▶ _EXERCISE DETAILS_: Write out the entries below exactly as they stand. Skip every image.

▶ _Short text fragments from websites_:
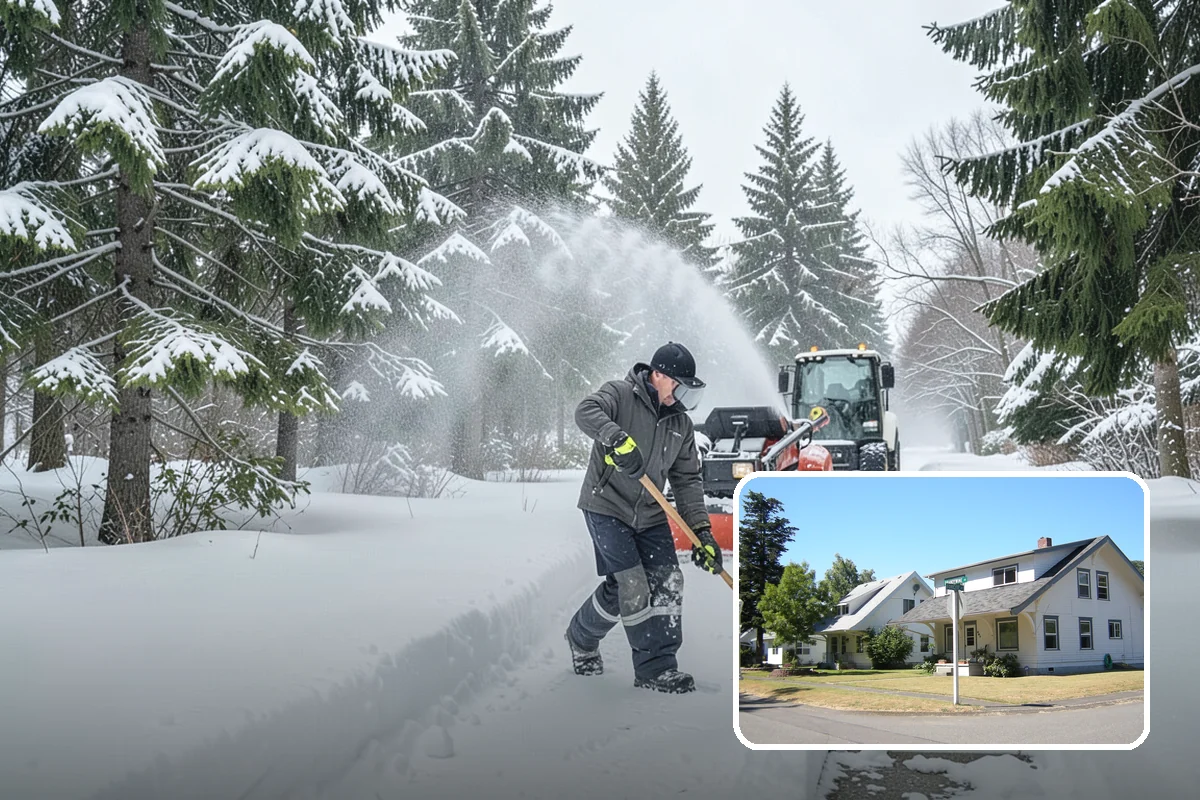 Retail Store Snow Plowing in DuPont, Pierce County, WA - Customer lot and storefront cleared before your posted open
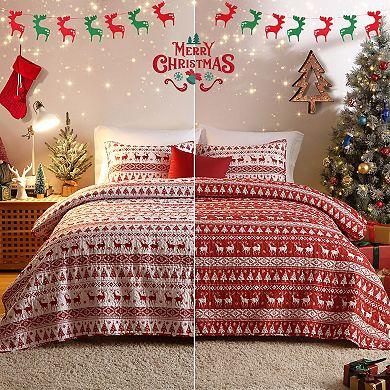 Christmas Quilt Set Boho Bedspread Coverlet Sets with Christmas Tree Reindeer Snowflakes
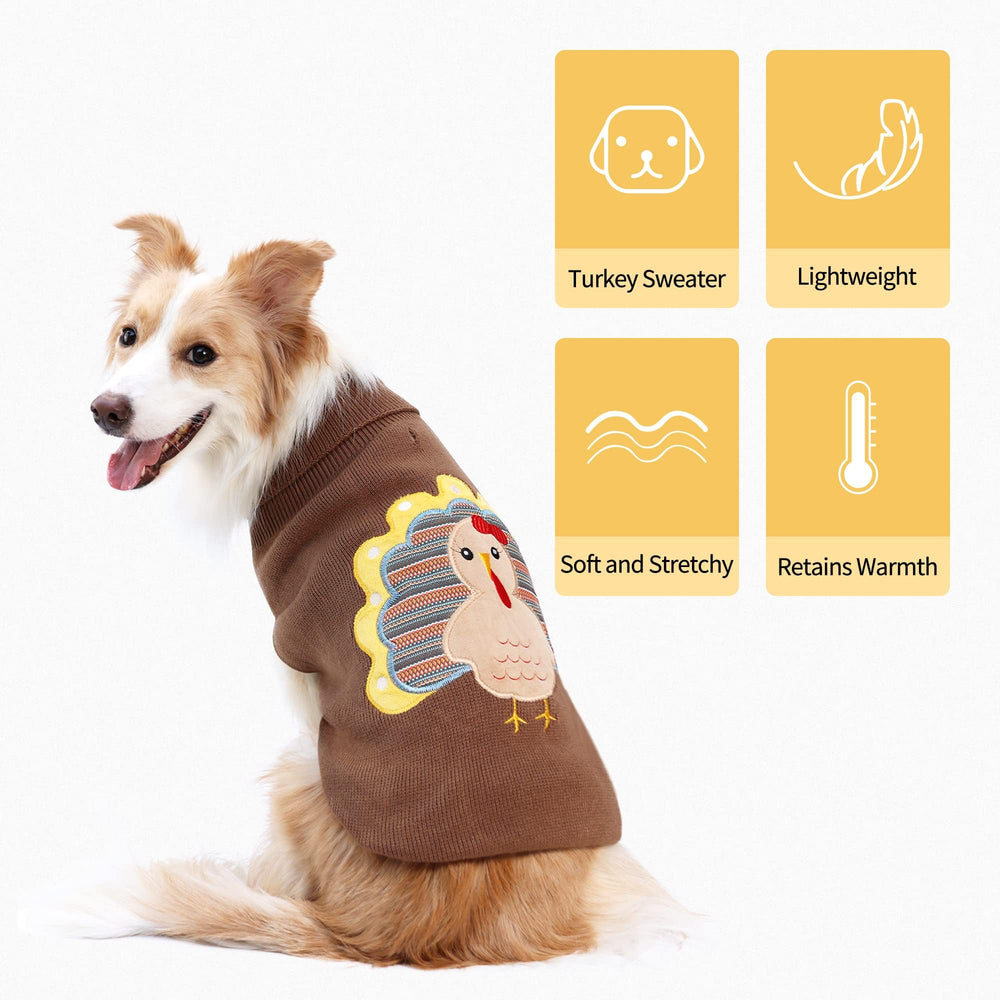 DELIFUR turkey-back print boosts cuteness during Thanksgiving strolls and photos.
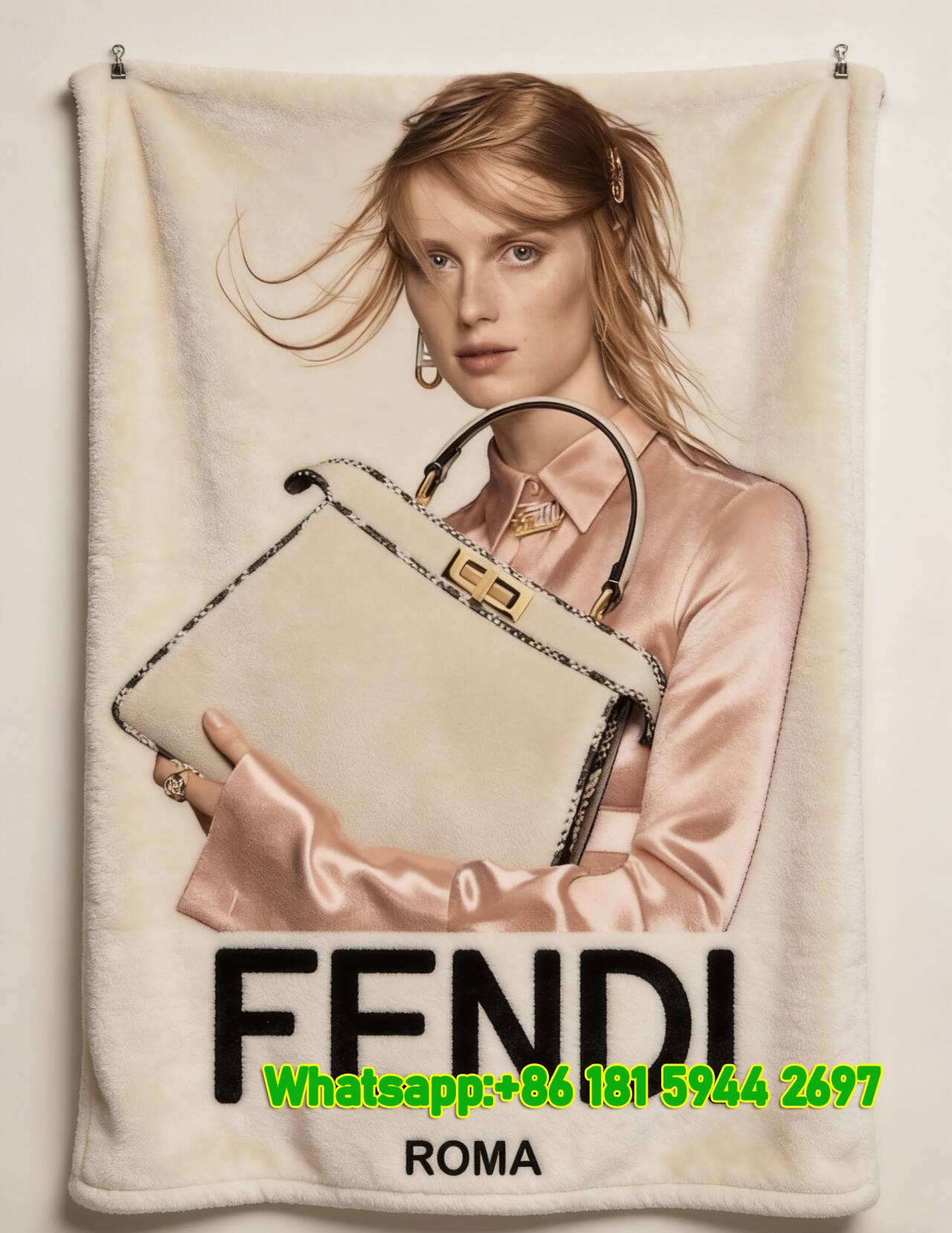 Fendi Roma Blush Pink Luxury Flannel Throw Blanket IMG_9636
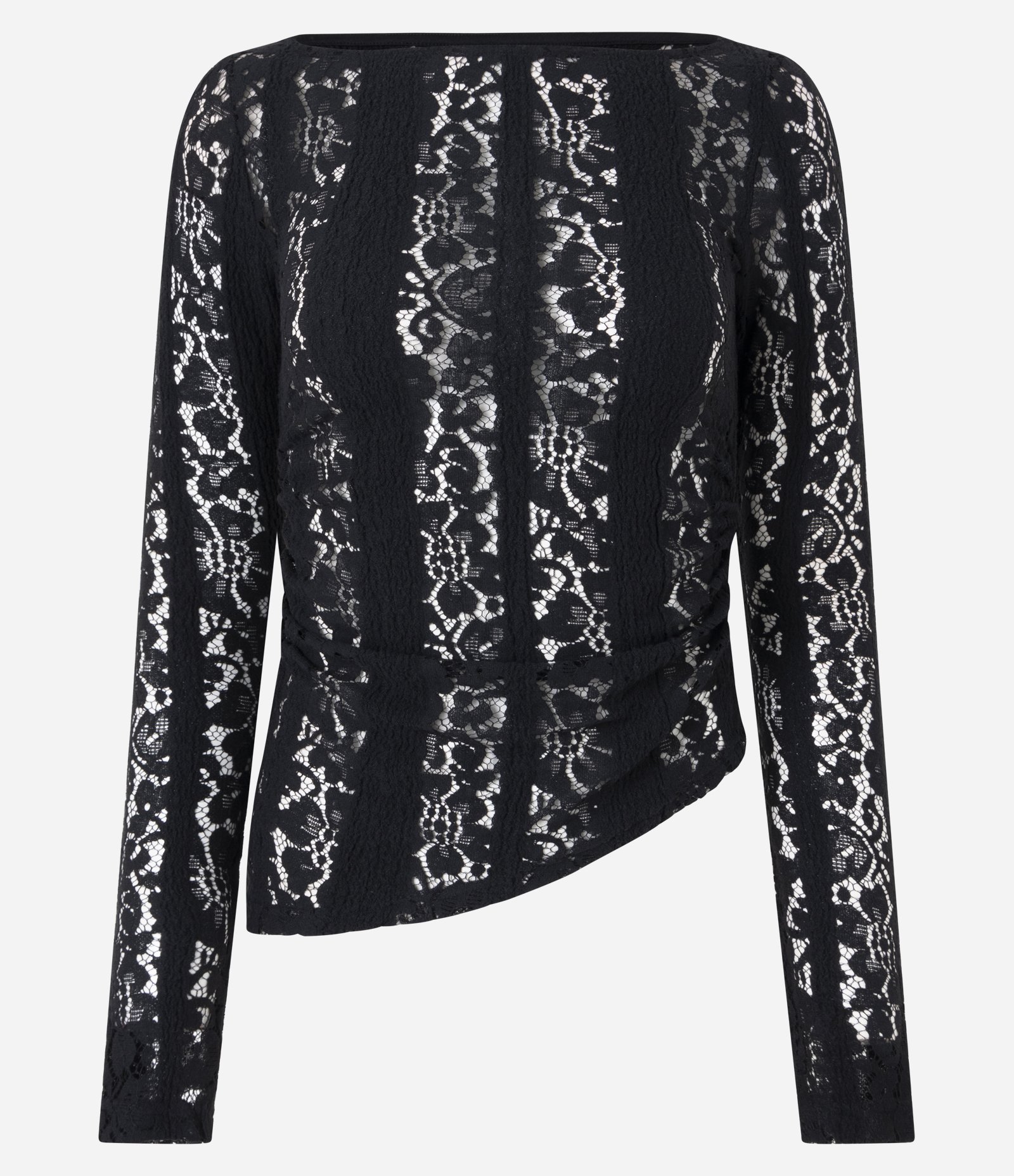 Blusa Assimétrica Manga Longa em Renda com Franzido Lateral Preto 1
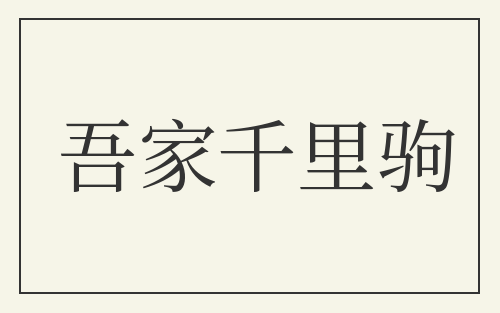 吾家千里驹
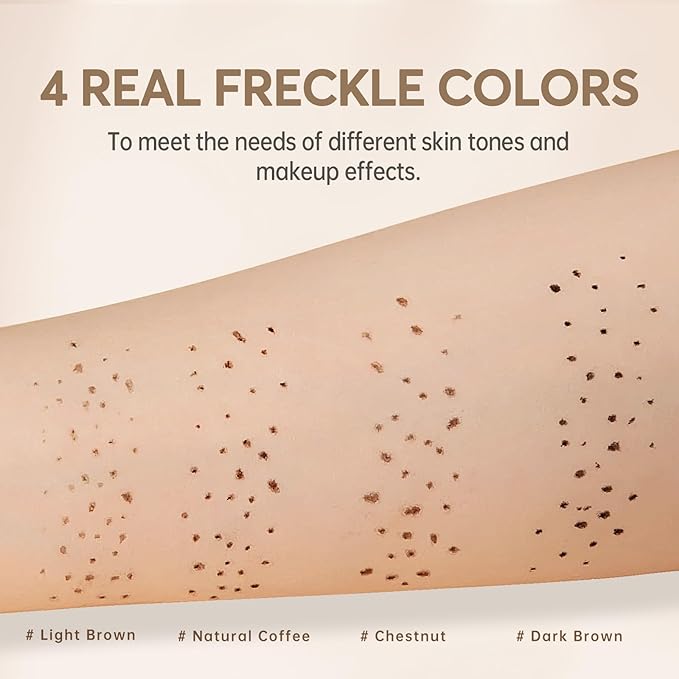 4 Colors Freckle Pen Set, Natural Lifelike Face Fake Freckle Stamp Makeup Pen Waterproof Long Lasting Quick Dry Faux Freckles Sun-kissed Makeup-Light Brown,Natural Coffee,Chestnut,Dark Brown-BrightBean Baby
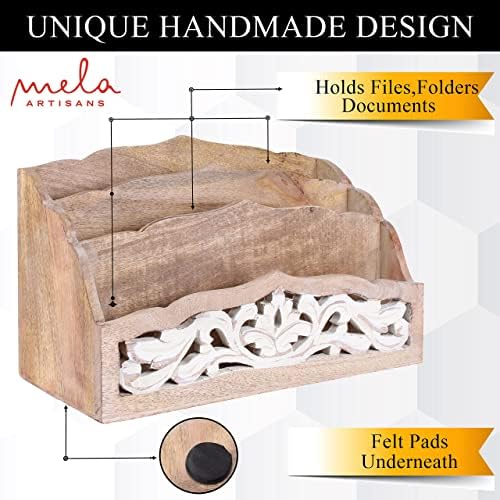 Organizador da mesa de madeira dos artesãos Mela | 3 compartimentos - polimento médio | Decoração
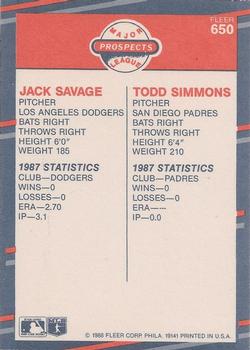 1988 Fleer - Glossy #650 Jack Savage / Todd Simmons Back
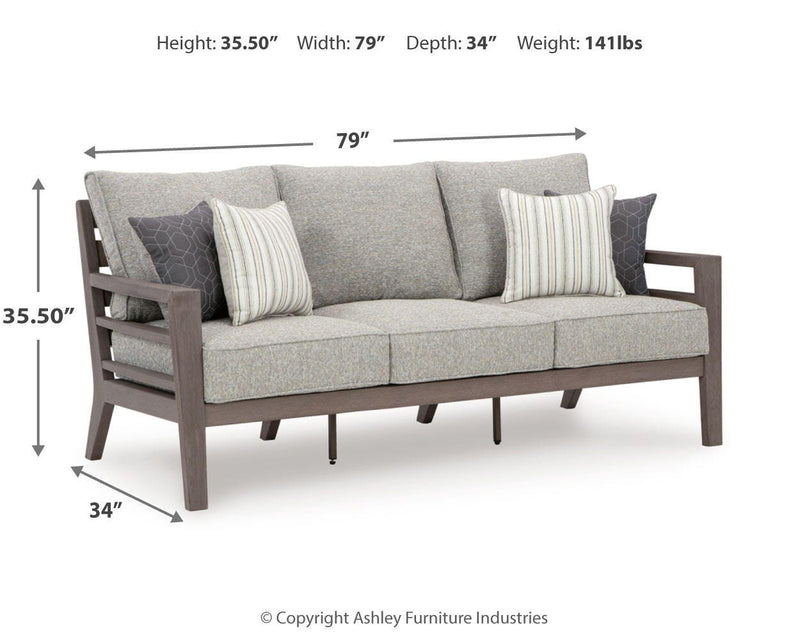 Hillside Barn Outdoor Sofa and Loveseat with Coffee Table in Gray/Brown - PKG021259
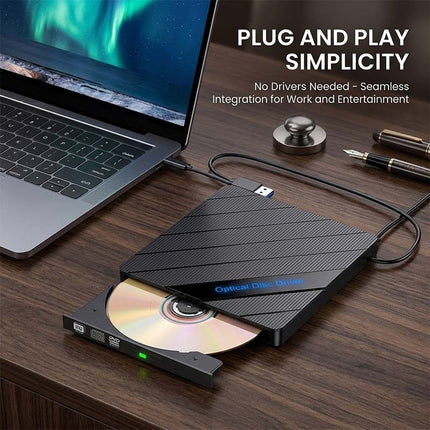 External CD Drive, 8 in 1 USB C DVD Drive with SD Card Reader and USB Hub for Laptop and Mac – image 9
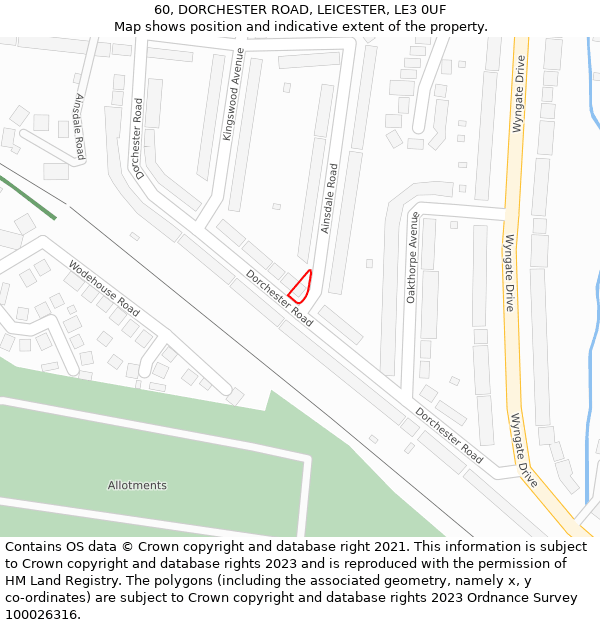 60, DORCHESTER ROAD, LEICESTER, LE3 0UF: Location map and indicative extent of plot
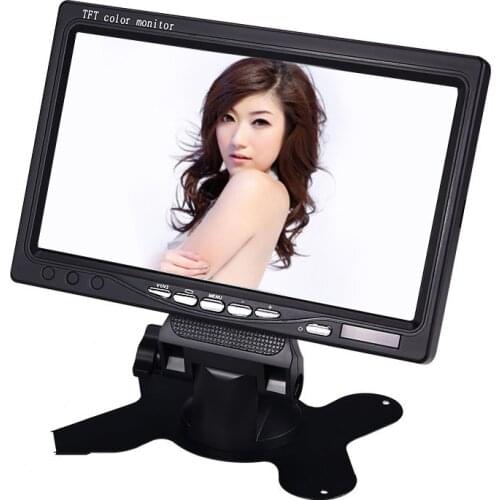 7W Universal Car Monitor 7 Inch Car Display Truck LCD AV Connector HD Monitor Bus Car Reversing Priority LCD Display Monitor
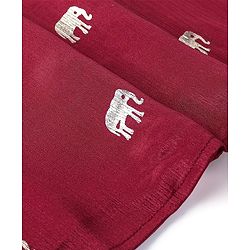 Babyhug Woven Full Sleeves Foil Printed Kurta & Pyjama Set - Maroon & White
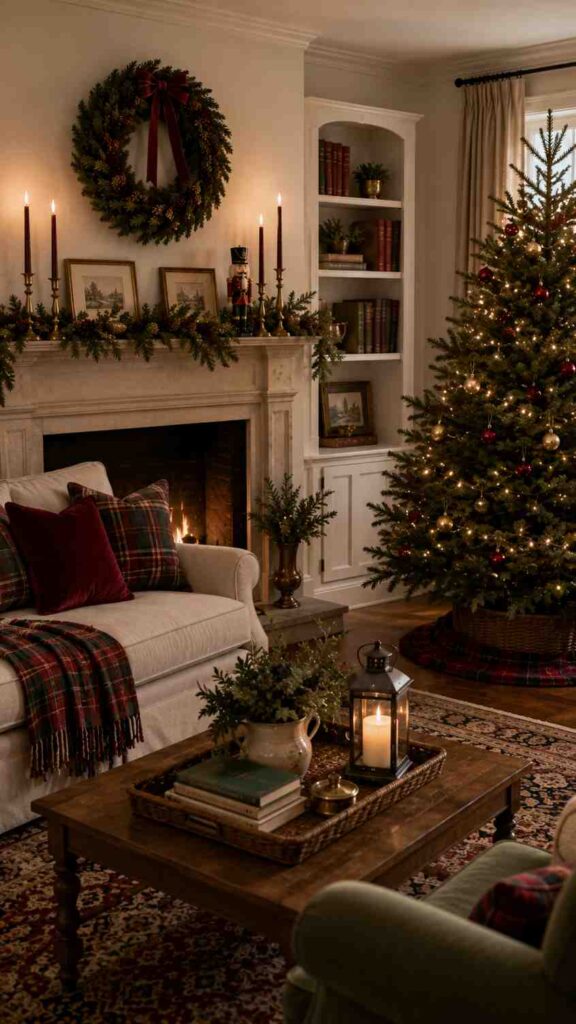Traditional Christmas living room decorated with warm holiday accents. A lit Christmas tree adorned with red and gold ornaments stands beside a fireplace decorated with evergreen garland, candles, framed artwork, and a large wreath with a red ribbon. A cream-colored sofa with plaid and velvet cushions is draped with a tartan throw, while a wooden coffee table holds a tray with books, greenery, and a lantern candle. Built-in bookshelves and a glowing fireplace create a cozy, classic holiday atmosphere.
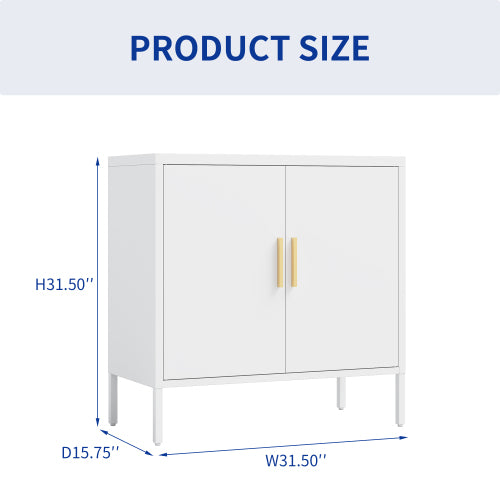 Metal Storage Cabinet With 2 Doors And 2 Adjustable Shelves, Steel Garage Storage Cabinet, Metal File Cabinet For Home Office School Gym, White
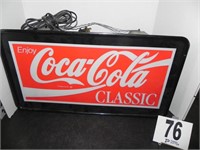 Plastic Lighted Coca Cola Classic Sign Wall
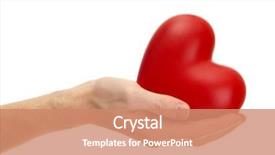  Presentation with man heart attact hand hold - Beautiful presentation design featuring red heart in man hand backdrop and a coral colored foreground
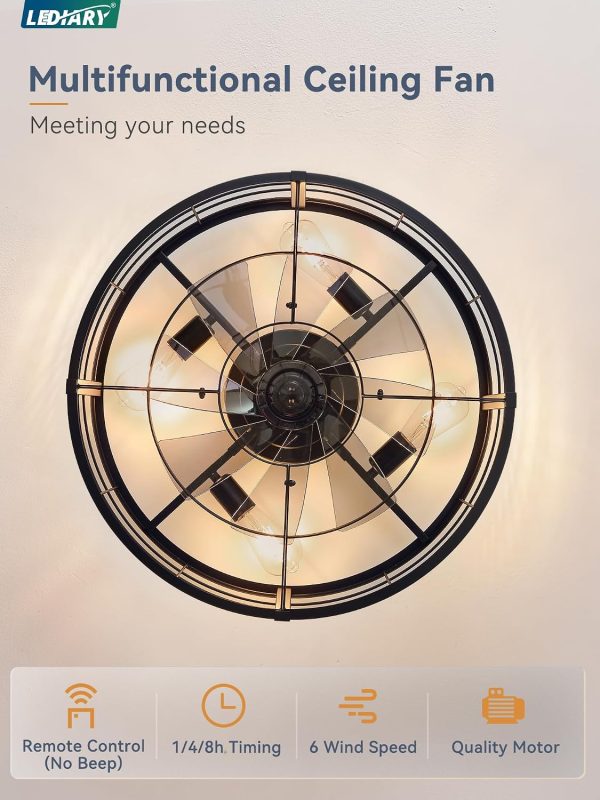 81fVxYACRyL._AC_SL1500_.jpg windphoto 23" Black Caged Low Profile Ceiling Fan with Light and Remote | Flush Mount, Bladeless Enclosed Fandelier, 6 Speed, Quiet Powerful DC, Rustic,Farmhouse, Small, Bedroom, Kitchen, Indoor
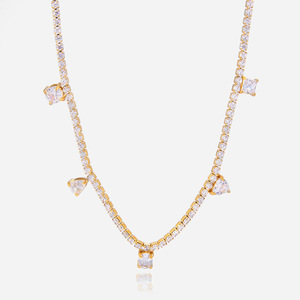 Collar de tenis geométrico de circonita con corte princesa y cadena de oro, unisex, para uso diario - Product Image 1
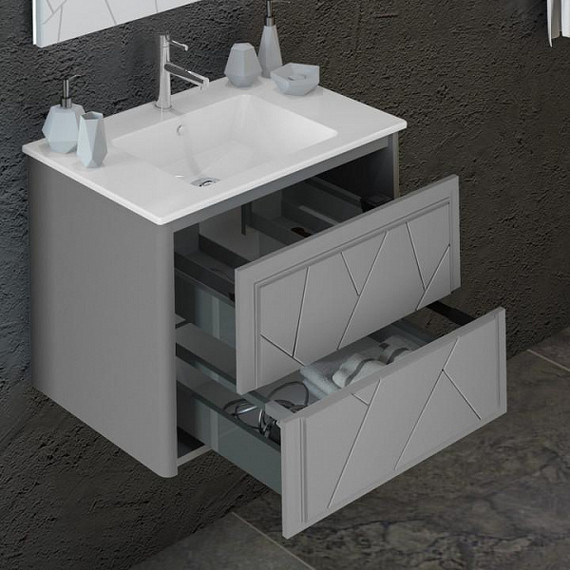 Тумба подвесная с раковиной Opadiris Луиджи 70 см, серый матовый (раковина Ibiza 70, цвет белый) фото 2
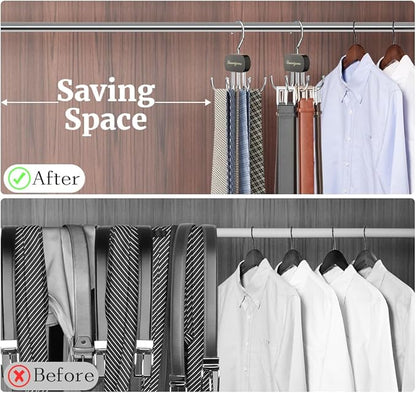 Belt Organizer for Closet,2PCS Tie Rack, Belt Tie Hanger for Closet,Tie Organizer for Men,Hanging Closet Organizer Hook for Belt, Bra, Tank Top, Tie, Scarf, Hat, Purse,Black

▶ _FINISHED TASK_:
 Retail Store Snow Plowing in DuPont, Pierce County, WA - Customer lot and storefront cleared before your posted open
 Christmas Quilt Set Boho Bedspread Coverlet Sets with Christmas Tree Reindeer Snowflakes
 DELIFUR turkey-back print boosts cuteness during Thanksgiving strolls and photos.
 Fendi Roma Blush Pink Luxury Flannel Throw Blanket IMG_9636
 Blusa Assimétrica Manga Longa em Renda com Franzido Lateral Preto 1
 吾家千里驹
 4 Colors Freckle Pen Set, Natural Lifelike Face Fake Freckle Stamp Makeup Pen Waterproof Long Lasting Quick Dry Faux Freckles Sun-kissed Makeup-Light Brown,Natural Coffee,Chestnut,Dark Brown-BrightBean Baby
 Organizador da mesa de madeira dos artesãos Mela | 3 compartimentos - polimento médio | Decoração
 1988 Fleer - Glossy #650 Jack Savage / Todd Simmons Back
 Hillside Barn Outdoor Sofa and Loveseat with Coffee Table in Gray/Brown - PKG021259
 External CD Drive, 8 in 1 USB C DVD Drive with SD Card Reader and USB Hub for Laptop and Mac – image 9
 60, DORCHESTER ROAD, LEICESTER, LE3 0UF: Location map and indicative extent of plot
 7W Universal Car Monitor 7 Inch Car Display Truck LCD AV Connector HD Monitor Bus Car Reversing Priority LCD Display Monitor
 Babyhug Woven Full Sleeves Foil Printed Kurta & Pyjama Set - Maroon & White
Traditional Christmas living room decorated with warm holiday accents. A lit Christmas tree adorned with red and gold ornaments stands beside a fireplace decorated with evergreen garland, candles, framed artwork, and a large wreath with a red ribbon. A cream-colored sofa with plaid and velvet cushions is draped with a tartan throw, while a wooden coffee table holds a tray with books, greenery, and a lantern candle. Built-in bookshelves and a glowing fireplace create a cozy, classic holiday atmosphere.
 Metal Storage Cabinet With 2 Doors And 2 Adjustable Shelves, Steel Garage Storage Cabinet, Metal File Cabinet For Home Office School Gym, White
 Plastic Lighted Coca Cola Classic Sign Wall
  Presentation with man heart attact hand hold - Beautiful presentation design featuring red heart in man hand backdrop and a coral colored foreground
 81fVxYACRyL._AC_SL1500_.jpg windphoto 23" Black Caged Low Profile Ceiling Fan with Light and Remote | Flush Mount, Bladeless Enclosed Fandelier, 6 Speed, Quiet Powerful DC, Rustic,Farmhouse, Small, Bedroom, Kitchen, Indoor
 Collar de tenis geométrico de circonita con corte princesa y cadena de oro, unisex, para uso diario - Product Image 1
 Тумба подвесная с раковиной Opadiris Луиджи 70 см, серый матовый (раковина Ibiza 70, цвет белый) фото 2
 Belt Organizer for Closet,2PCS Tie Rack, Belt Tie Hanger for Closet,Tie Organizer for Men,Hanging Closet Organizer Hook for Belt, Bra, Tank Top, Tie, Scarf, Hat, Purse,Black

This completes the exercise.